The objective of this book is “to describe the methodology for using multimodal audio, image, and text technology to characterize video content.” Video is comprised of about 30 frames or pictures, of one sort or another, each second. So, if a video is three minutes long, it contains 5,400 pictures. The idea is to be able to use automated or semi-automated procedures to describe video content, without having to have people manually describe the video. In fact, even if people are used to describe the video, you would still need to develop rules and procedures to get some consistency in how these people characterize video; this would be very time consuming, if not impossible. As more video becomes available, with the advent of always-with-you digital camcorders, characterization becomes more and more of a challenge and opportunity.
This excellent book addresses this goal, with some added bonuses, such as a very good explanation of Moving Picture Experts Group (MPEG)-7, a video compression format. It is a book describing work that overlaps disciplines to achieve the desired results; restricting efforts to a single technique in one fixed discipline limits possible successes. This work is also iterative, with multiple steps. As the entire book series editor, Mubarak Shah, writes in the series foreword, it can use “analysis, then synthesis, then model revision, then coding.” The book makes good use of figures and diagrams. As an example, Figure 1.2 illustrates characterization technologies simply and clearly.
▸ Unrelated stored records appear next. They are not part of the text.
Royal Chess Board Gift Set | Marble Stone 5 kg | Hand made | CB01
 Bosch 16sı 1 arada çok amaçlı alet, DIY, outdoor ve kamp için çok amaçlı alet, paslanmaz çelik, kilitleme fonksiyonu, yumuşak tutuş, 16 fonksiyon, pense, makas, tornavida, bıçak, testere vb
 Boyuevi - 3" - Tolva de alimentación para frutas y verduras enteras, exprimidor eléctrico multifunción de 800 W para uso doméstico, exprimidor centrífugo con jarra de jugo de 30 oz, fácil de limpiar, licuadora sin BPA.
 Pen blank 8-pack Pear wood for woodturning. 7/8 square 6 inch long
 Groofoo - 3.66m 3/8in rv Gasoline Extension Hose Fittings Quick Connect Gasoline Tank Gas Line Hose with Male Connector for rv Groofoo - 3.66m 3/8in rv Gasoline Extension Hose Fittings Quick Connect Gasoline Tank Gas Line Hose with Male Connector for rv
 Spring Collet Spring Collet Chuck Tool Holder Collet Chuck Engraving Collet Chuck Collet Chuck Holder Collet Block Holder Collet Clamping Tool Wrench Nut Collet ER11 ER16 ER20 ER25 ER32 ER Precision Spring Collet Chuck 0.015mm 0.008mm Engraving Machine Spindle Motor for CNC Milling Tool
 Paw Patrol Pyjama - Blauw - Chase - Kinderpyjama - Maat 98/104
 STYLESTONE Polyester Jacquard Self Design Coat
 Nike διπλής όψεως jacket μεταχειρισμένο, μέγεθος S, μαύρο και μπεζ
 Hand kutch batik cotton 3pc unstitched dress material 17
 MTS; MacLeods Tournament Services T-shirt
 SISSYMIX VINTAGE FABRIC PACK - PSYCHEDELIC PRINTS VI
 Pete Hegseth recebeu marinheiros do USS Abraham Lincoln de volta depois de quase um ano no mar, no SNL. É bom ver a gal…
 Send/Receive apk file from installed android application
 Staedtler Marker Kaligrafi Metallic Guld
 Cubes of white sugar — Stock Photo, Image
Chapter 1 is an introduction to the book and the topic. It describes research efforts, including the importance of using audio for clues in what is happening in the video. Chapter 2 is a course on video itself. It covers current video terminology, from technical terms, such as discrete cosine transform (DCT) compression, to more popular terms, such as feature film, documentary, or continuous action sports video. With these descriptors, the authors include possible challenges in automated characterizations. For instance, the authors write that soccer is difficult to characterize, because of the continuous movement, and relatively small numbers of scores per game.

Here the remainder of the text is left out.